Donne e lavoro nell’era Covid
Per Elisa la strada da percorrere è ancora impervia. Prima della pandemia, coi figli grandicelli, ha cercato di rientrare nel mondo del lavoro. «Ma alla mia età nessuno mi vuole, anche se ho esperienza».
E l’emergenza Covid ha reso tutto ancora più complicato, in particolare per le donne e per le mamme.

Lavoratrici oggi sempre più penalizzate
Un recente dossier di Save the Children, dedicato a “Le equilibriste”, dà le dimensioni della penalizzazione delle lavoratrici, con e senza figli. «Nel 2020, a causa della pandemia, sono evaporati 456 mila posti di lavoro», con effetti negativi più marcati per le donne. «Per loro il calo è di 249 mila unità (- 2,5%) contro i 207 mila uomini (- 1,5%)».
Tra aprile e settembre 2020 il decremento delle lavoratrici ha doppiato la media europea (il 4,1% delle 15-64enni, a fronte del 2,1 % Ue)». Peggio dell’Italia ha fatto solo la Spagna.
«Ma anche quando le donne accedono al lavoro – evidenzia il rapporto – la loro condizione occupazionale continua ad essere caratterizzata da una debolezza strutturale che finisce per renderle più esposte ai rischi di espulsione dal mercato, rispetto agli uomini e alle colleghe di altri Paesi». Senza contare che la situazione peggiorerà con lo sblocco dei licenziamenti.

Il gap occupazionale tra madri e padri
«Il divario di genere nei tassi di occupazione tra i genitori di figli minorenni – ricapitola il dossier – nel 2020 è aumentato di mezzo punto, con i papà occupati all’87,8% e le mamme al 57,1 per cento. Non solo le madri tendono ad essere molto meno presenti nel mondo del lavoro rispetto ai padri.

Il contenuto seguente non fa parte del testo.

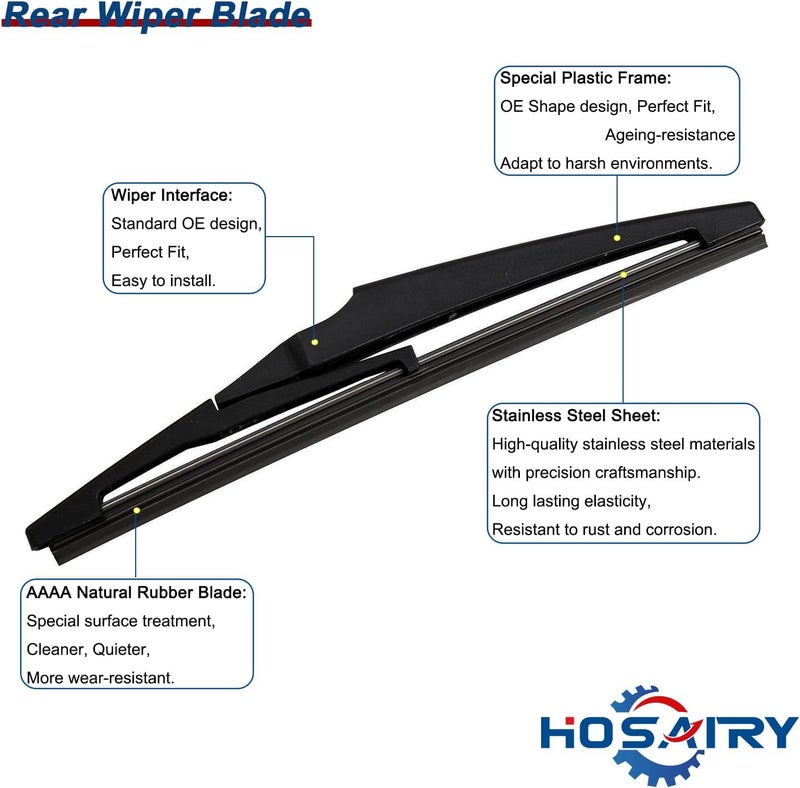 HOSAIRY Rear Wiper Arm Blade Set for Chevy Spark 2016-2021 - Image 4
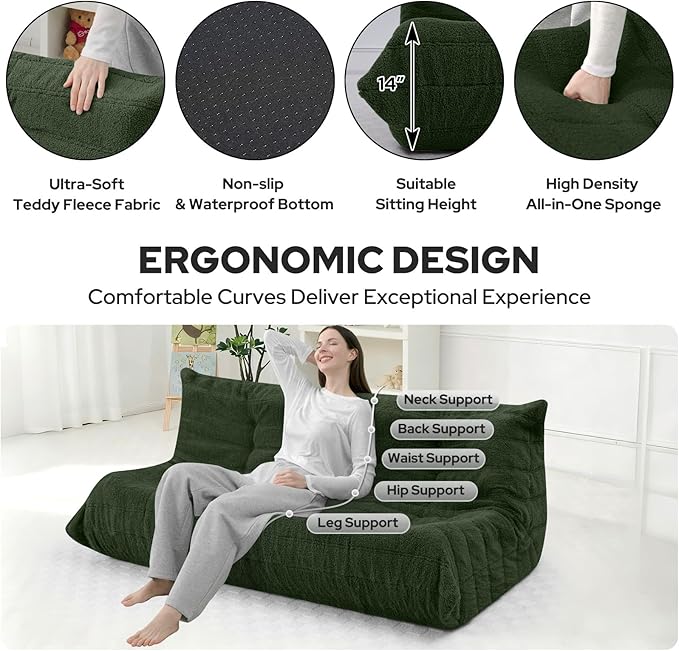 HABUTWAY Bean Bag Chairs Fireside Lazy Floor Sofa, Soft Teddy Fleece 3 Seater Sofa with High-Resilience Foam Filling，Beanbag for Living Room, Bedroom, Office (Green Teddy)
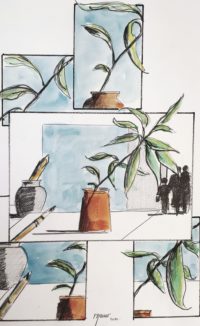 Végétation, études 01 / Encre et aquarelle / 50 x 70 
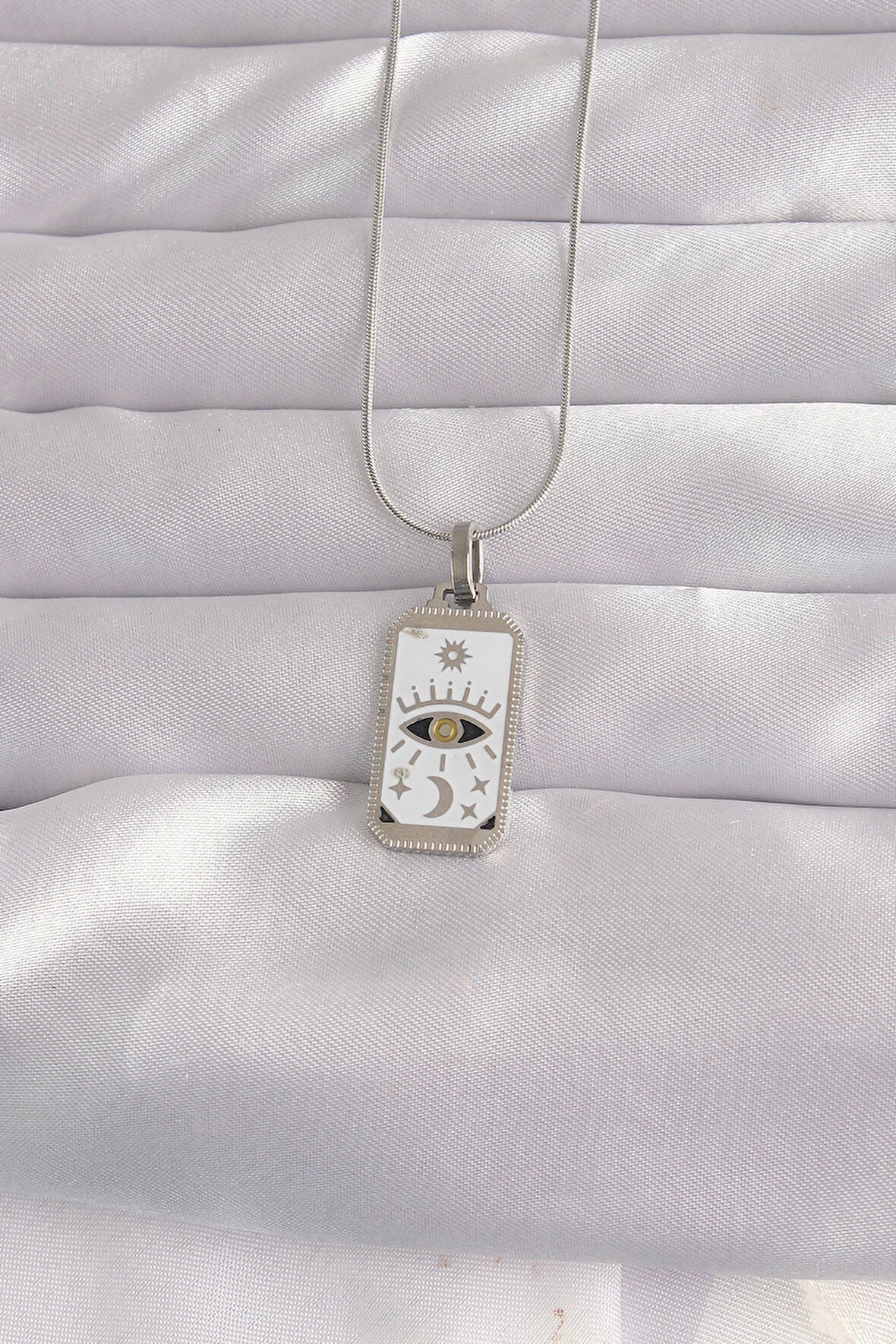 316L Çelik Gümüş Renk Beyaz Mineli Göz Figür Tarot Kolye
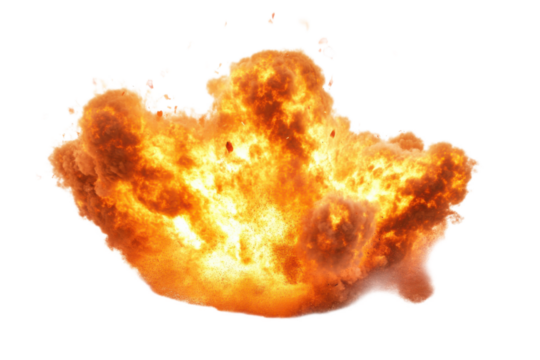 Dynamite flame explosion isolated on white background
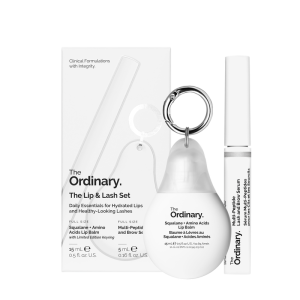 The Ordinary The Lip & Lash Set - 2-Piece Hydrating Lip Balm & Lash/Brow Serum Duo with Keychain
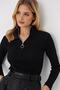 Women's Black Front Zippered Ribbed Half Fisherman Blouse - 2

Il loro coinvolgimento – altro aspetto messo in evidenza – tende a diminuire al crescere del numero di figli, al contrario di quella dei padri».

Sempre più donne inattive
Il peggioramento riguarda anche le donne inattive. «La variazione più marcata si è registrata tra quelle con figli in età prescolare (l’anno scorso 59 mila inattive in più rispetto al 2019), a seguire quelle con figli 6-10enni (+ 14 mila), quindi quelle con figli 11- 14enni (+ 9 mila) ed infine le madri con figli adolescenti (15-17enni, loro con un incremento di 2 mila unità). Guardando al numero dei figli, risalta come il tasso di inattività delle madri con un figlio sia cresciuto dal 29,8% registrato nel 2019 al 32,4% del 2020. Per le madri di tre o più figli l’incremento è di circa due punti. Più contenuta la progressione per le madri con due figli, passata dal 36,4% al 37,8 per cento».
Le donne continuano inoltre a rappresentare la grande maggioranza delle persone con un impiego part-time. Le mamme con figli minorenni fanno un orario ridotto nel 38,1% dei casi, i padri nelle stesse situazioni familiari sono fermi 5,6 per cento.